[Given data — start]

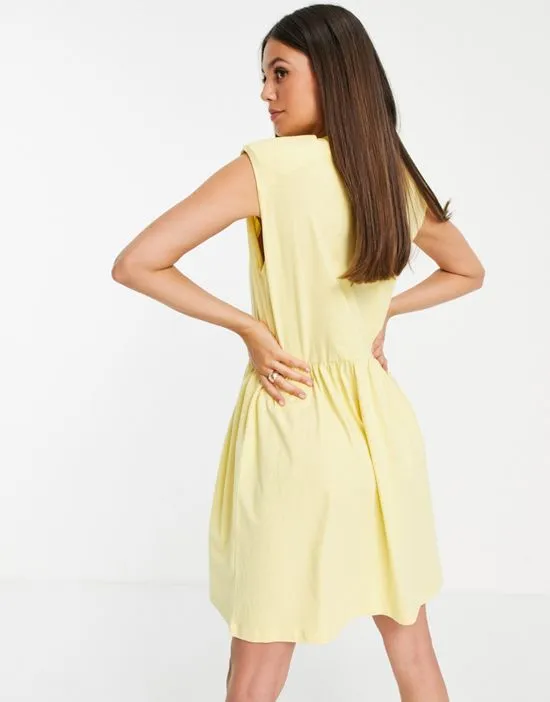 https://images.styletyx.com/images/padded-shoulder-mini-smock-dress-in-yellow-noisy-may-tall-1836427_2.webp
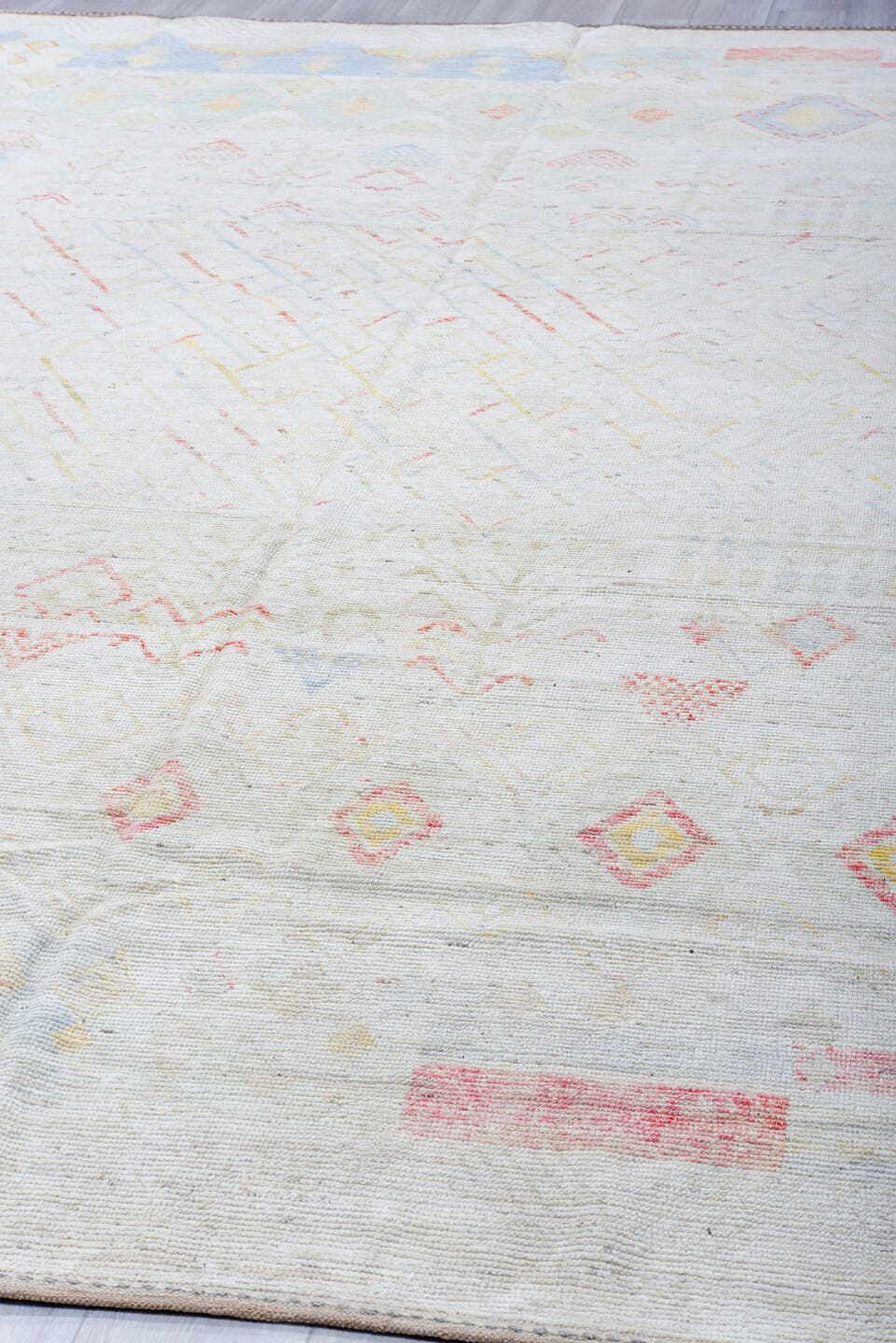 10' x 13' one-of-a-kind handmade vintage Tulu large size rug. Color palette: ivory, powder_blue, blush, saffron, cream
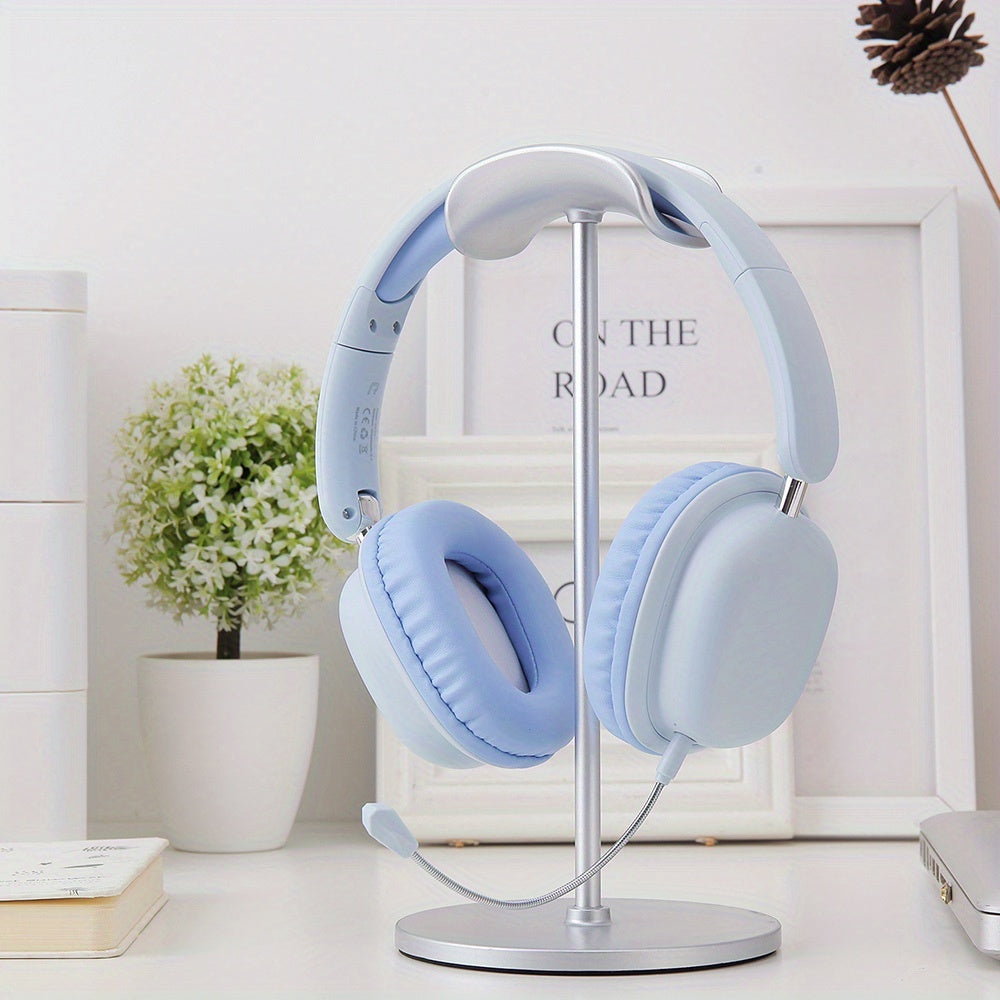 Light blue headphones on a stand with a white background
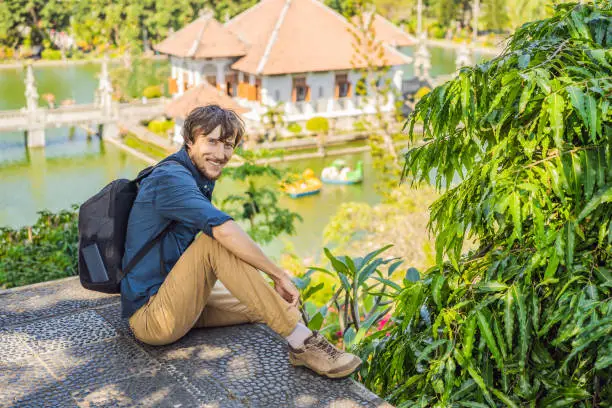 Photo of Dad and son in Water Palace Soekasada Taman Ujung Ruins on Bali Island in Indonesia. Amazing old architecture. Travel and holidays background. Traveling with kids concept. Kids Friendly places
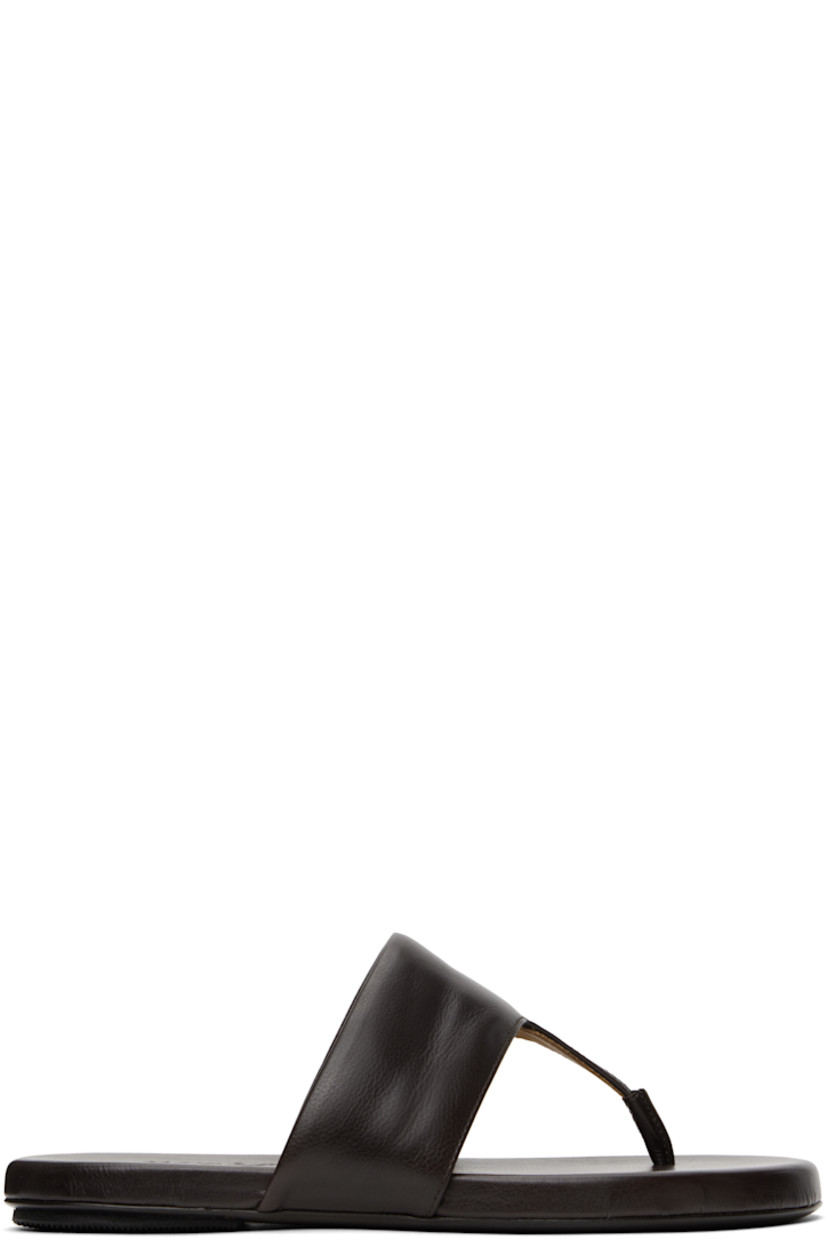Grained leather flat sandals in brown.

· Open toe
· Padded thong-style strap at vamp
· Logo embossed at padded leather footbed
· Hand-painted leather sole with rubber injection

Supplier color: Dark brown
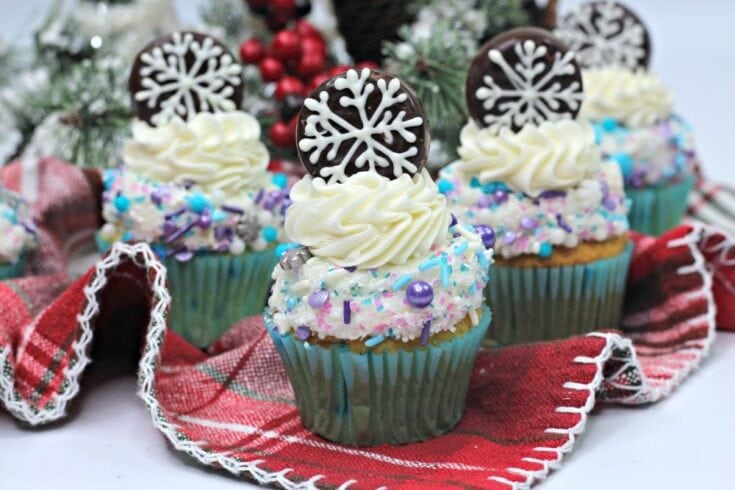 Colorful Christmas cupcakes decorated with snowflake chocolate toppers, sprinkles, and whipped frosting on a festive red and white napkin. Perfect for holiday celebrations.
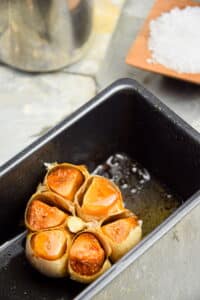 Roasted garlic head in loaf pan.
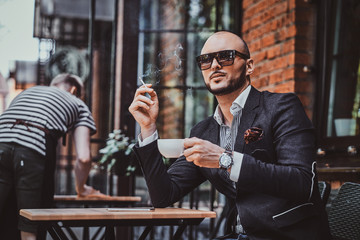 Pensive modern man is smoking a cigarette outside of coffeshop while drinking his cup of coffee.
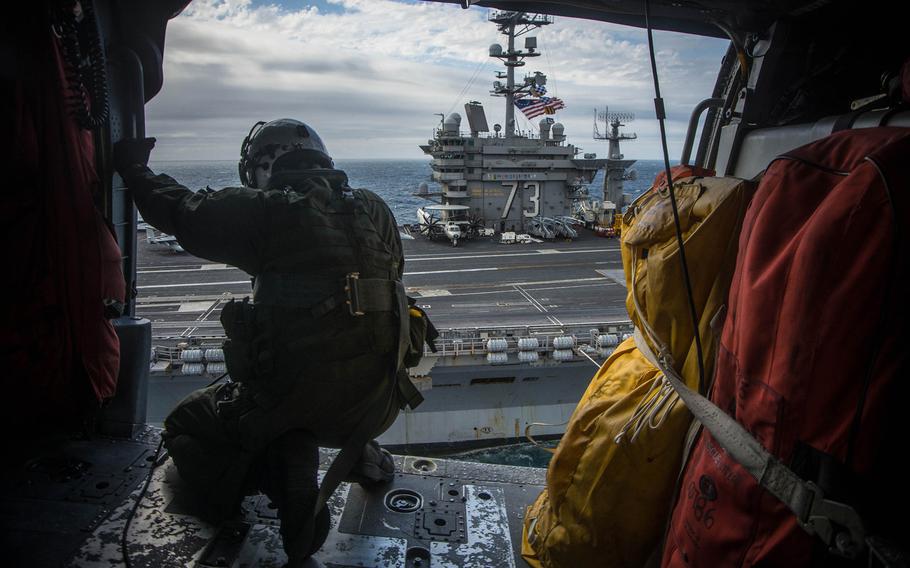 An MH-60S  Sea Hawk helicopter to the "Black Knights" of Helicopter Sea Combat Squadron 4  prepares to land on the flight deck of the aircraft carrier USS George Washington on Nov. 17, 2015.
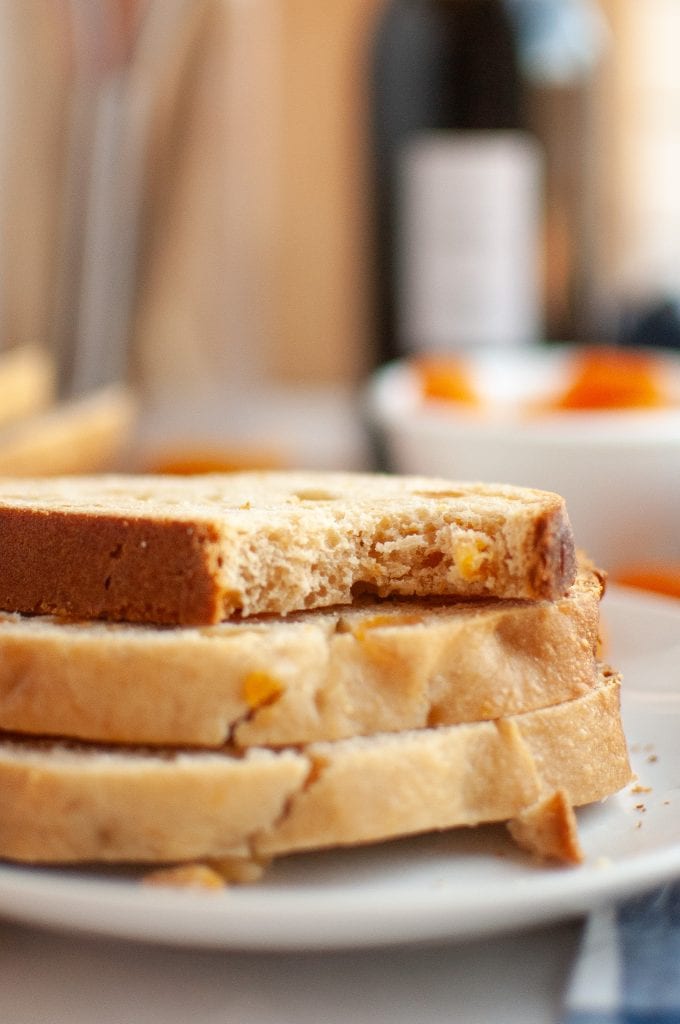 Three slices of bread machine apricot bread are stacked on a white plate, with the top slice partially eaten. The background is softly blurred, showing kitchen items and a bowl.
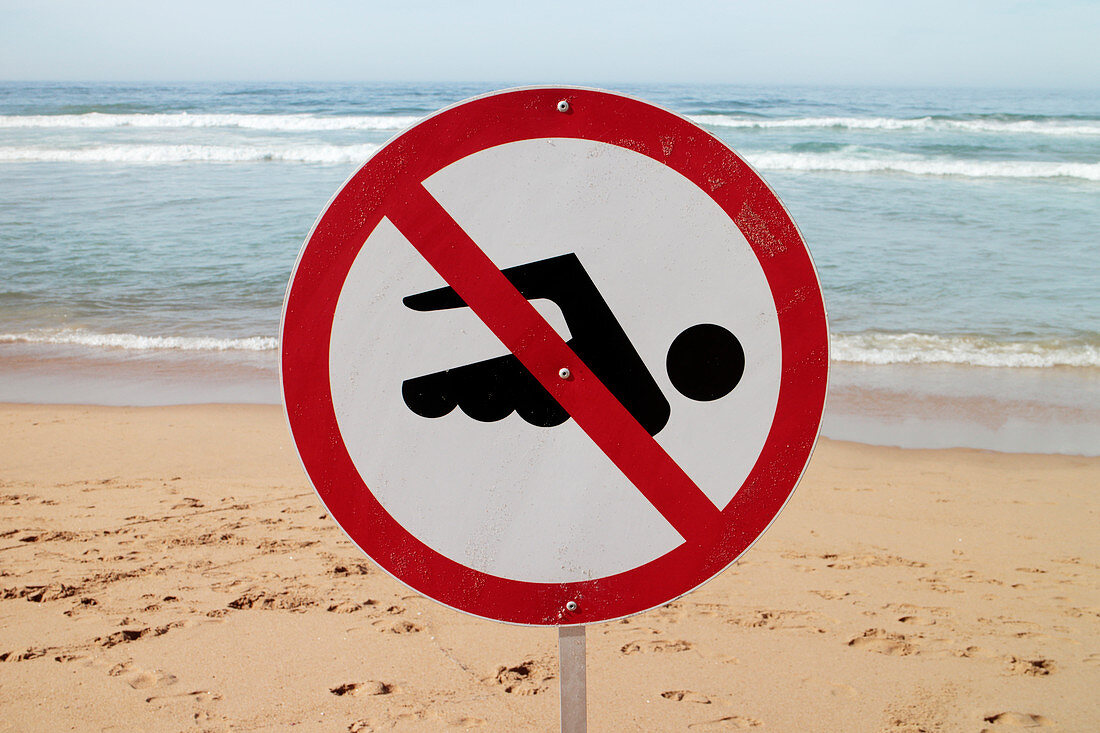 No swimming sign on a beach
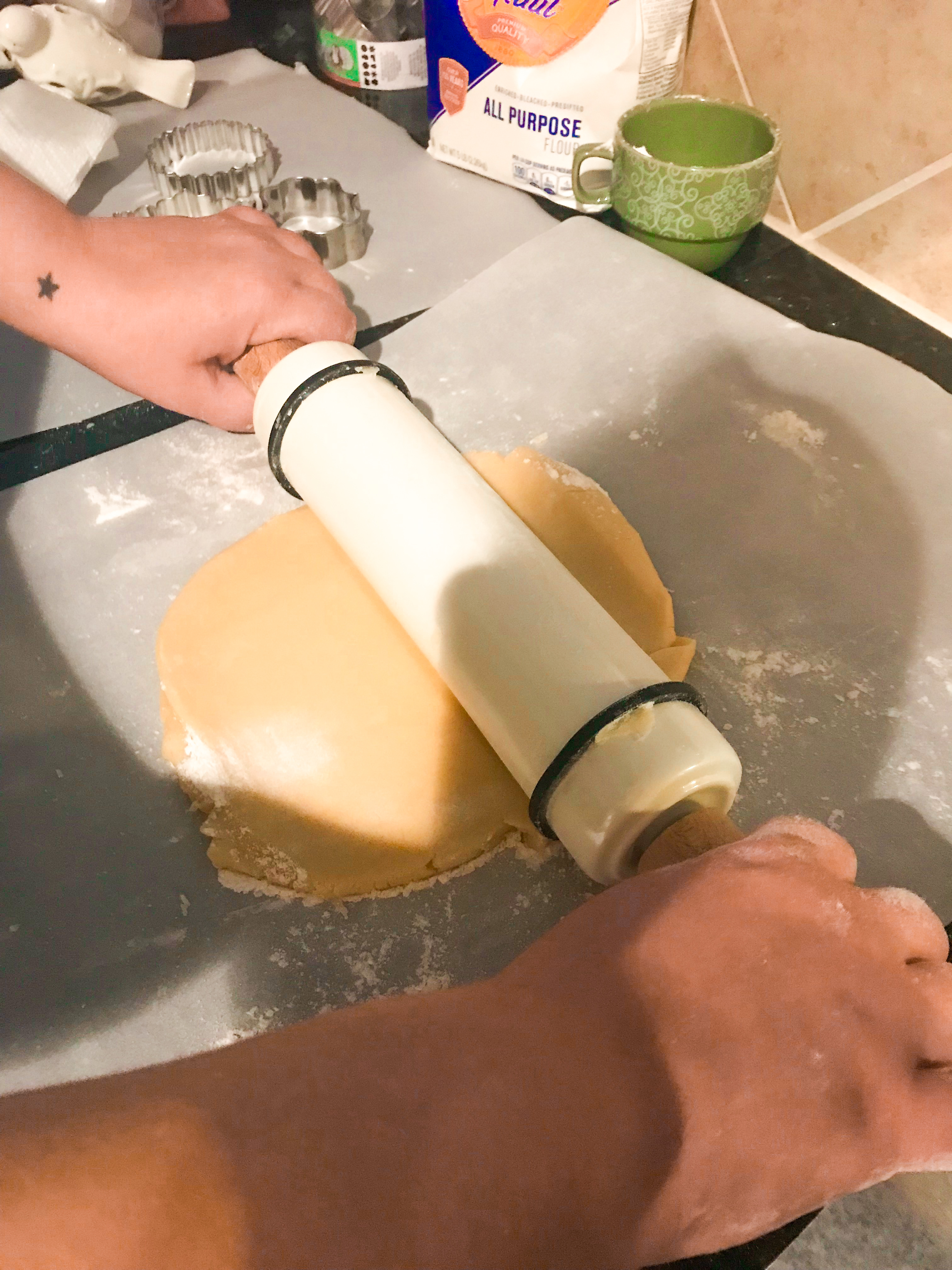 A person rolling out cookie dough with a rolling pin.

[Given data — finish]

What is needed —
Please repeat, exactly as written, the lines in the records above, starting with the one that has "padded leather footbed" and going on through the one that has "Roasted garlic head in loaf pan.". Pictures are to be left out.

Answer to the exercise —
· Logo embossed at padded leather footbed
· Hand-painted leather sole with rubber injection

Supplier color: Dark brown
 Colorful Christmas cupcakes decorated with snowflake chocolate toppers, sprinkles, and whipped frosting on a festive red and white napkin. Perfect for holiday celebrations.
 Roasted garlic head in loaf pan.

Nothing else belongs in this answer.